Assignment – Retype the whole listing verbatim and keep the pictures out of it.

Data for the task –
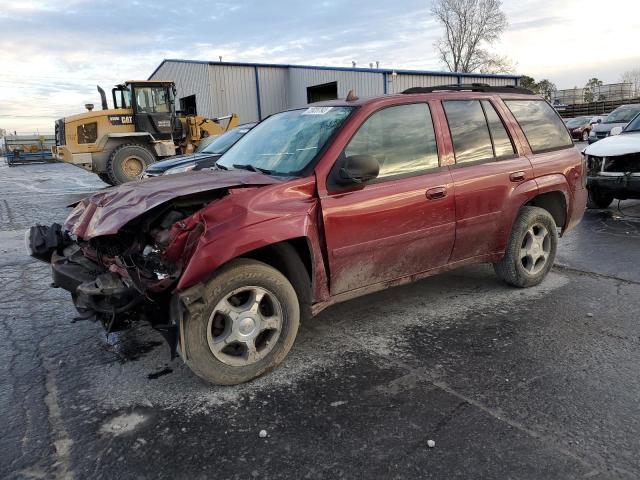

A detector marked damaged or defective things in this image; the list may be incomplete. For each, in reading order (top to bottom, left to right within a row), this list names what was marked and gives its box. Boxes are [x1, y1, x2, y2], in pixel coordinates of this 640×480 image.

crumpled hood [64, 169, 280, 240]
crumpled hood [584, 132, 640, 157]
damaged white car [584, 112, 640, 210]
damaged front end of suv [27, 172, 278, 356]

Result for this task –
A detector marked damaged or defective things in this image; the list may be incomplete. For each, in reading order (top to bottom, left to right within a row), this list names what was marked and gives its box. Boxes are [x1, y1, x2, y2], in pixel coordinates of this 640×480 image.

crumpled hood [64, 169, 280, 240]
crumpled hood [584, 132, 640, 157]
damaged white car [584, 112, 640, 210]
damaged front end of suv [27, 172, 278, 356]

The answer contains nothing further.